Ruth 1:20–21 (ESV) She said to them, “Do not call me Naomi; call me Mara, for the Almighty has dealt very bitterly with me. 21 I went away full, and the LORD has brought me back empty. Why call me Naomi, when the LORD has testified against me and the Almighty has brought calamity upon me?”
Ruth 1:20–21 (ESV) She said to them, “Do not call me Naomi; call me Mara, for the Almighty has dealt very bitterly with me. 21 I went away full, and the LORD has brought me back empty. Why call me Naomi, when the LORD has testified against me and the Almighty has brought calamity upon me?”
Let us dissect this for a moment. She went away full? There was a famine in the land and they went to Moab to get away from it. A famine by definition is a place of emptiness. Perhaps Naomi was considering her family to be her fulness but if that is the case, why not stick it out in the Lord's promised land WITH THEM and not chase greener pastures?
This would be a good time to bring up the covenant of promise concerning the land. In the Torah, God set stipulations for the people to obey Him in order to experience the bounty of the land. Deuteronomy 28 is where see find them. In that chapter, there are far more verses devoted to the curses God would bring upon the land if they disobeyed than there were blessings for obedience. It's as if God wanted it to be crystal clear that famine and plague in the land would not be random or ecological in nature, they would be SIGNALS to their souls that they had LEFT HIM and they needed to repent and return.
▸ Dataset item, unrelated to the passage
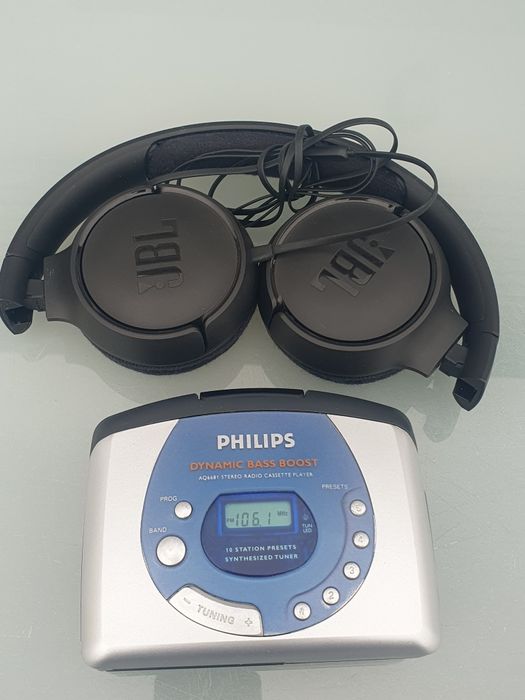 Odtwarzacz przenośny walkman Philips aq6681 z radiem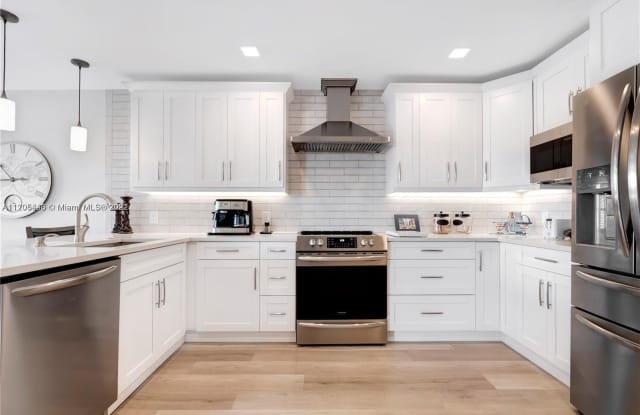 2555 NE 11th St - 2555 NE 11th St, Fort Lauderdale, FL 33304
But I want to point out some of the signs of God's judgment upon their rebellion:
Deuteronomy 28:18 (ESV) Cursed shall be the fruit of your womb and the fruit of your ground, the increase of your herds and the young of your flock.
Now Naomi and Elimelech experienced both the curse of their harvest (fruit of their ground), and the curse of their womb (both sons died in the foreign land).
So Naomi comes back from Moab blaming God for all her trouble:
"I went away full, and the LORD has brought me back empty."
This is just like the last chapter in Judges when the people ask "Oh Lord, why has all this happened to us" (Judges 21:3). They were ignorant and blind to their own sin. They were just like their last deliverer Samson who was lulled into defeat through blind attachment to Delilah.
But the good news is this for Naomi. The empty place to which God brings her is the very place where He will start to work FOR her. It is at this empty place that Ruth will attempt to harvest barely. Note the narrator's subtle hint of hope in the last verse of chapter 1:
Ruth 1:22 (ESV) "And they came to Bethlehem at the beginning of barley harvest."
Now barely was a poor person's food in ancient Israel. But empty people are willing to receive anything. And so that receptivity brought upon them through terrible tragedy becomes the birthplace of an enormous turnaround. The humbling experience Naomi has been given has put her in the very place she needs to be for Ruth and Boaz to meet.
What I see the text saying is this: "empty" and "full" are relative terms in God's economy. The moment you feel emptiest can be the very place where God begins toward your fullness. Instead of looking at your life "right now" and making a declaration of bitterness as Namoi did ("Mara" means bitter), why not live with an expectant heart that God who refuses to give up on you will meet you at the end of you?